Friday, October 08, 1999

State leaders: Start preparing early for Y2K

Enquirer Columbus Bureau

        COLUMBUS — State leaders are advising Ohioans not to wait until December to prepare for potential power outages or food shortages caused by the Y2K computer problem.

        While Gov. Bob Taft stressed that major problems related to the glitch are unlikely, he oversaw a drill Thursday in which disaster officials responded to a variety of simulated problems, such as a loss of power or telephone service.

        State government has com pleted more than 90 percent of the work required to prevent its computers from crashing when the new year begins, Mr. Taft said. But he wants to make sure disaster officials are ready in case something goes wrong.

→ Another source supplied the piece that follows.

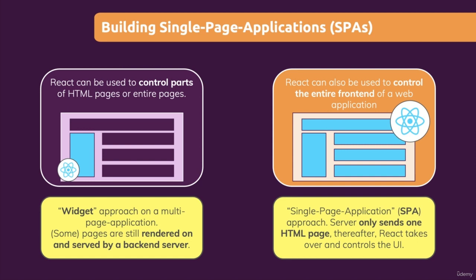And that often leads to a smoother UI and a better user experience, as you see it at the example of Netflix. It's built with React, and there we never request a second HTML page.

        “We are leaving no stone unturned as we transition into the new year,” Mr. Taft told reporters gathered at the state's emergency command post on the north side of Columbus. “The state will be prepared to respond to any emergencies that may come about.”

        Governments, banks and businesses have been scrambling to fix potential Y2K prob lems. Some experts think older computers that read only the last two digits of the year could mistake the year 2000, or “00,” as 1900, wreaking havoc once the clock strikes midnight on Dec.31.

        Surrounded by banks of telephones, two-way radios, computers and giant TV screens at the command post — a huge room reminiscent of NASA's space mission control center — officials from several state agencies tested how they would respond to Y2K emergencies.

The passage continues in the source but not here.